**TRY IT:** Would you retype the whole listing exactly, leaving its pictures out?

**MATERIAL PROVIDED:**
-*-*-

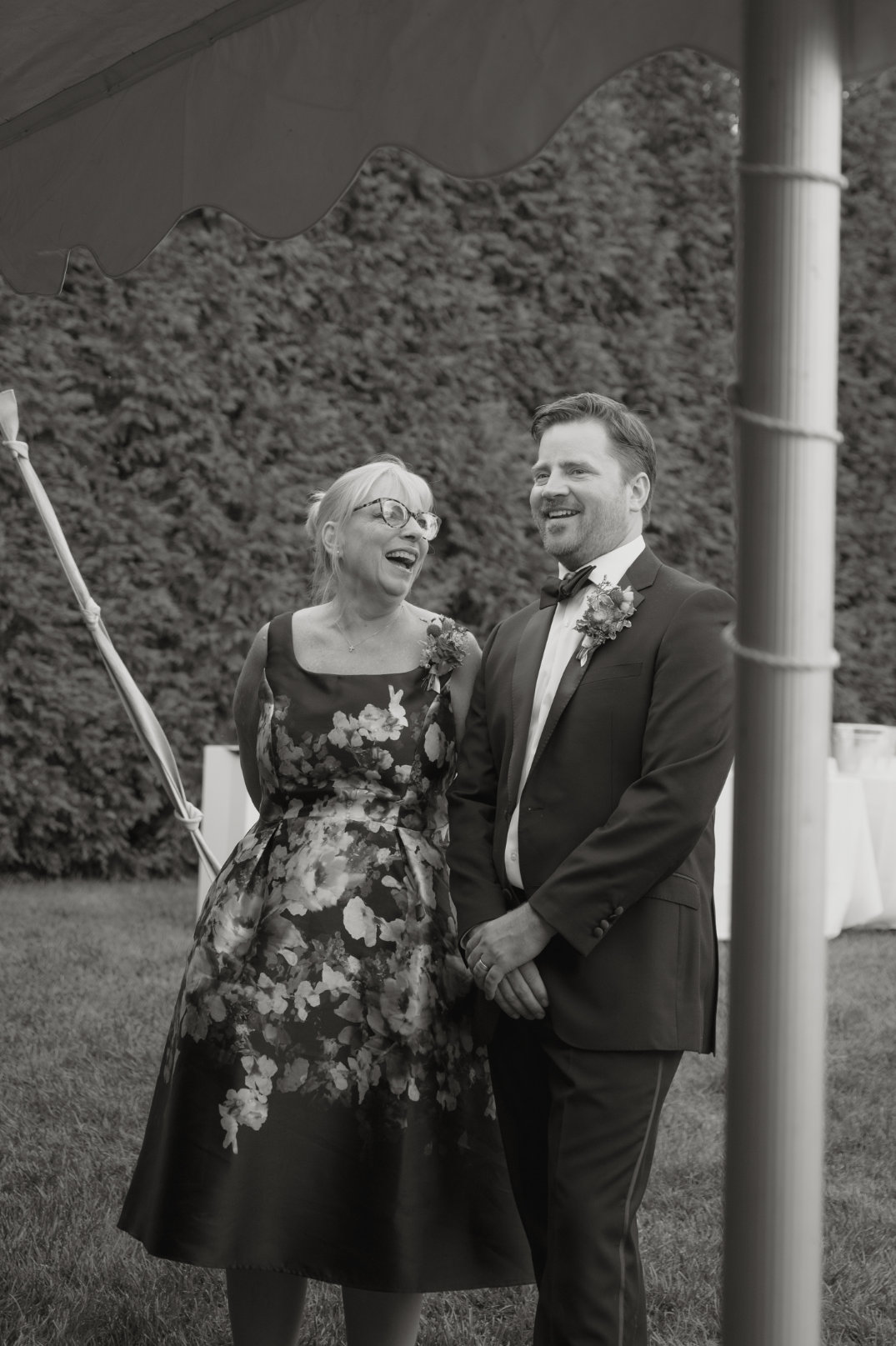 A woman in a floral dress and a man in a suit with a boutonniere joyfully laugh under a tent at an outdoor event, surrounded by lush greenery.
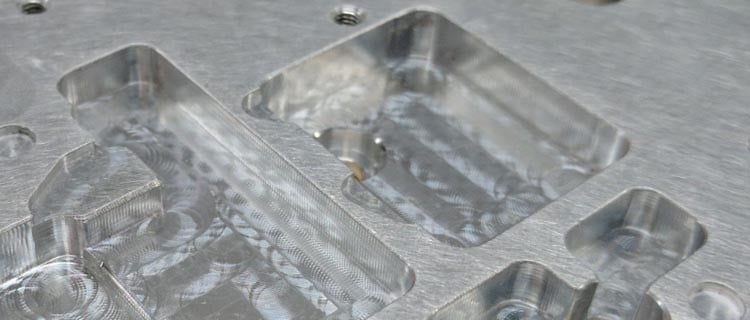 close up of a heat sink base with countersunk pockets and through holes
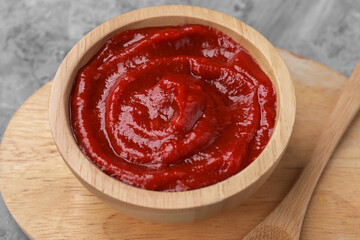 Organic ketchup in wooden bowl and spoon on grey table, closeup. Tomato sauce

-*-*-

**ANSWER SECTION:**
 A woman in a floral dress and a man in a suit with a boutonniere joyfully laugh under a tent at an outdoor event, surrounded by lush greenery.
 close up of a heat sink base with countersunk pockets and through holes
 Organic ketchup in wooden bowl and spoon on grey table, closeup. Tomato sauce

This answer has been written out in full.